If you hike later in the summer after most snow has melted (usually by mid-to-late August), most of these smaller streams will be dry and you’ll need to plan more carefully. Some of the most reliable major water sources for late in the season are:

  • June Lake (steep ¼ mile off route)
  • 1 mile from the Butte Camp / Loowit Junction on the Butte Camp Trail (1 mile off route)
  • Toutle River
  • Spring near Windy Trail junction (¼ mile before junction going clockwise). Also likely a stream in this area as well.

Trip reports on AllTrails are very helpful for understanding the current water situation. Look for recent reports, or reports from last year around the time you plan to hike (keeping in mind snowpack variation from year to year) to understand which sources are drying up and which may still be flowing. The Loowit Trail has little shade and summer days can be hot, so you might need more water than expected.

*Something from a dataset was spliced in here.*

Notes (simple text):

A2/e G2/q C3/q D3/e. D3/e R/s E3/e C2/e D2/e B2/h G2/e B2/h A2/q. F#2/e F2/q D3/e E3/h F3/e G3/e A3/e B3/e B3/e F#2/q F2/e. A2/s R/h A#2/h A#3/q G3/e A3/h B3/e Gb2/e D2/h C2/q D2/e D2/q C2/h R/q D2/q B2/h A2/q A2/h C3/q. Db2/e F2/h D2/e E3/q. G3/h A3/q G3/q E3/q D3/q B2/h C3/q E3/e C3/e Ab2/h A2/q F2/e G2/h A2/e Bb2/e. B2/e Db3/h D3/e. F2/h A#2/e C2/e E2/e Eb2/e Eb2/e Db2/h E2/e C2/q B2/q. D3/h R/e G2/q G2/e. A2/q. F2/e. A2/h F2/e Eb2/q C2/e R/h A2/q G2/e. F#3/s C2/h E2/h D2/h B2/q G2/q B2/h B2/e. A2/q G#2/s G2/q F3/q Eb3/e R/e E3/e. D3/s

At least 4 liters of water capacity is recommended if backpacking in mid-to-late summer when the smaller streams have dried up.

I tried a new water carrying system on this trip: the Smartwater Bottle drink tube from One Bottle Hydration. I’ve long been a hydration bladder fan since I can’t reach bottles in my pack’s side pockets, but this system is the best of both worlds and my new go-to. Learn more about the pros and cons in How to Carry Water While Backpacking.

A rare late-season stream still flowing in the blast zone, shortly before (clockwise) the Windy Trail spring.

Water Crossings

The Loowit Trail is bisected by seemingly innumerable gullies and streambeds. Early in the summer when snow is melting quickly, these can be challenging to cross. The Toutle River is likely to be the trickiest. Be sure to follow safe practices for water crossings and don’t attempt to cross if you don’t feel safe. 

Water crossings are lower and slower first thing in the morning, before the day’s heat has begun melting snow up high. If in doubt, consider camping and trying the crossing in the morning (a good reason to hike clockwise from the southern side of the loop, so you can legally camp on the south bank of the Toutle and cross in the morning if needed).

Recent trip reports on AllTrails may help you get a sense of the water crossing situation and whether it’s likely to be a problem for you.

Here I am crossing the Toutle River on a mid-September morning. The flow is low and this is a rock hop, but earlier in the summer you’ll need to get your feet wet.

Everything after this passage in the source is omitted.